● Exercise instructions
Below are the entries; give again exactly the lines from the one mentioning "See Through Mesh Crop Top" through the one mentioning "Audio Car MP3", inclusive.

● Input material
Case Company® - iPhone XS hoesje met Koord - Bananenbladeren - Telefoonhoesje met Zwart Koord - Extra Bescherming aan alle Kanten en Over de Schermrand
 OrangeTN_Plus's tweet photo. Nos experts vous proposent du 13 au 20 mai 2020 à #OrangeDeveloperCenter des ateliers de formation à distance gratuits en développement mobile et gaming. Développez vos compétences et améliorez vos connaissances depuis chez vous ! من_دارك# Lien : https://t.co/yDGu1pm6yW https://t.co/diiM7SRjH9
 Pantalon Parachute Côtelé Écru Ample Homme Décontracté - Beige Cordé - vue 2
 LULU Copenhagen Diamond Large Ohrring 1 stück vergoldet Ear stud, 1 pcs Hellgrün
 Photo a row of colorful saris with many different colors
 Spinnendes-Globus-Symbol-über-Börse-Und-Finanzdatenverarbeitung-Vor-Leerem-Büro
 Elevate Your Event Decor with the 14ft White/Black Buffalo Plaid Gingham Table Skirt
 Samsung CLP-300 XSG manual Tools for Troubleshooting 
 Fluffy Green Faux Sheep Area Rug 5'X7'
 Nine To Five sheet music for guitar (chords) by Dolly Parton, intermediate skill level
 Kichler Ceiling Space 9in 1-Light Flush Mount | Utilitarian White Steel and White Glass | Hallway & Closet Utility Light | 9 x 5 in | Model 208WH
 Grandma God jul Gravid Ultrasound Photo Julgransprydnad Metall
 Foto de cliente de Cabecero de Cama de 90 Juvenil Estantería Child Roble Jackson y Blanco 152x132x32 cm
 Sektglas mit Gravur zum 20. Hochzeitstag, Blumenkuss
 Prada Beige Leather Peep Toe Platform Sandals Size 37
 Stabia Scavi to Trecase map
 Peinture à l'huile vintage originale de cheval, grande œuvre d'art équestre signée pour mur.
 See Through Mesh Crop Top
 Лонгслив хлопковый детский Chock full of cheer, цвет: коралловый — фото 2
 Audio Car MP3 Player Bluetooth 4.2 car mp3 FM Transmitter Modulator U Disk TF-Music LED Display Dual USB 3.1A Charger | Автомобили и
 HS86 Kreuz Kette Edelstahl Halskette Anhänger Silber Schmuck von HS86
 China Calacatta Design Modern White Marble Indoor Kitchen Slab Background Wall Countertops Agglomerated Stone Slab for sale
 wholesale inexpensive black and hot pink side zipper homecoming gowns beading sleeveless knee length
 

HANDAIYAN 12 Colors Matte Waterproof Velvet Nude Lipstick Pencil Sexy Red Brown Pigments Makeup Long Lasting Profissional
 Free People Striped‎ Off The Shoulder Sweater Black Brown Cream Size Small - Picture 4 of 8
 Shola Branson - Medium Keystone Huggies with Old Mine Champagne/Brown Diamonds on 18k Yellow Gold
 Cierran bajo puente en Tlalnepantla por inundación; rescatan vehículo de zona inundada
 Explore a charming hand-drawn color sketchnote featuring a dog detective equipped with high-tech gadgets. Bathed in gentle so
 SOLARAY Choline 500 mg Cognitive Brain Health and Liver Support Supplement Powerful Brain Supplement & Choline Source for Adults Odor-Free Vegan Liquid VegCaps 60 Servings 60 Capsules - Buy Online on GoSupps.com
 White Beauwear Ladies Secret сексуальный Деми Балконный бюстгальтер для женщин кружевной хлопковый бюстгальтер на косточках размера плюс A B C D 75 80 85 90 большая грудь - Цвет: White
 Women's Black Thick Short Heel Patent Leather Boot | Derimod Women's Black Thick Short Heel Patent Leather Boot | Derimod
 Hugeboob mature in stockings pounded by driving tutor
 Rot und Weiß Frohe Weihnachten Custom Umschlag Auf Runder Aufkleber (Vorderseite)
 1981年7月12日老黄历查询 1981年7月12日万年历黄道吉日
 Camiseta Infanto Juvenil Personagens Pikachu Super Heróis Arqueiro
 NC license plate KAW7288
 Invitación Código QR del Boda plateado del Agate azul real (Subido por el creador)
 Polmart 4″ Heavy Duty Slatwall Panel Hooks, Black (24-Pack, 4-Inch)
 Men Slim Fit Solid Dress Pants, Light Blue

● Response to this exercise
 See Through Mesh Crop Top
 Лонгслив хлопковый детский Chock full of cheer, цвет: коралловый — фото 2
 Audio Car MP3 Player Bluetooth 4.2 car mp3 FM Transmitter Modulator U Disk TF-Music LED Display Dual USB 3.1A Charger | Автомобили и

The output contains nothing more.